We will now take a question submitted by one of our online participants. Given that first half results fell short of forecasts and you revised the full year outlook downward to account for potential second half delays, to what extent is there a potential for second half results to exceed these revised expectations?

Unknown Executive

executive
#8

While it is difficult to give a definitive answer, it is a very fair question. As I mentioned previously, we lowered our full year earnings forecast to account for the first half shortfall. This means our targets for the second half remain unchanged. Our premise here is that the number of delayed deals rolling into the second half will roughly offset any second half deals that might spill over into the fiscal year ending September 2027. Currently, we have a strong pipeline of MOUs signed.

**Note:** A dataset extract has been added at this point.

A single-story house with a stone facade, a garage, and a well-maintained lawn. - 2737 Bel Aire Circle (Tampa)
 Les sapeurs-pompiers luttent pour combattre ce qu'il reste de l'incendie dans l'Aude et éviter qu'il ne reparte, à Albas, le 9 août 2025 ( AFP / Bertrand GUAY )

We are fully committed to achieving the revised guidance, and I want to emphasize that there is still potential for upside. Even with the revision, we are on track to deliver record high net sales and operating profit. And depending on how well we do in the third and fourth quarters, exceeding these targets remains a realistic possibility. To proactively add some context, we have not lowered the medium-term management plan targets for the fiscal years ending September 2027 and 2028. We expect to update the consolidated medium-term management plan based on the review of deals closed, net sales and operating profit in the third and fourth quarters. Should our performance simply align with the newly lowered targets for this year, we will likely adjust our targets for the fiscal years ending September 2027 and 2028 downward accordingly. However, if we surpass the JPY 22 billion mark, we believe keeping our initial targets remains a highly viable scenario. For this reason, we have opted not to lower our projections for the fiscal year ending September 2027 and beyond at this time.

Operator

operator
#9

Our next question from the web is as follows: You mentioned considering additional shareholder returns if third quarter results exceed expectations. Are these more likely to be delivered via dividends or share buybacks?

Unknown Executive

executive
#10

While no formal decision has been made at this time, we are evaluating both options equally. To share my perspective on this, executing a large-scale share buyback during a significant market dip can certainly act as a short-term catalyst for the stock price. However, my view is that share buybacks are generally more effective when executed consistently over time. Given this continuous approach, you might find our strategy for buybacks to be quite similar to our approach to dividends. In short, at this point, we remain neutral between the 2 options. Our ultimate decision will depend on future stock price movements. This concludes today's Q&A session. Thank you for your time.

Operator

operator
#11

This concludes the earnings presentation for the second quarter of the fiscal year ending September 2026 for Strike Group Company Limited. Thank you for your time today. [Statements in English on this transcript were spoken by an interpreter present on the live call.]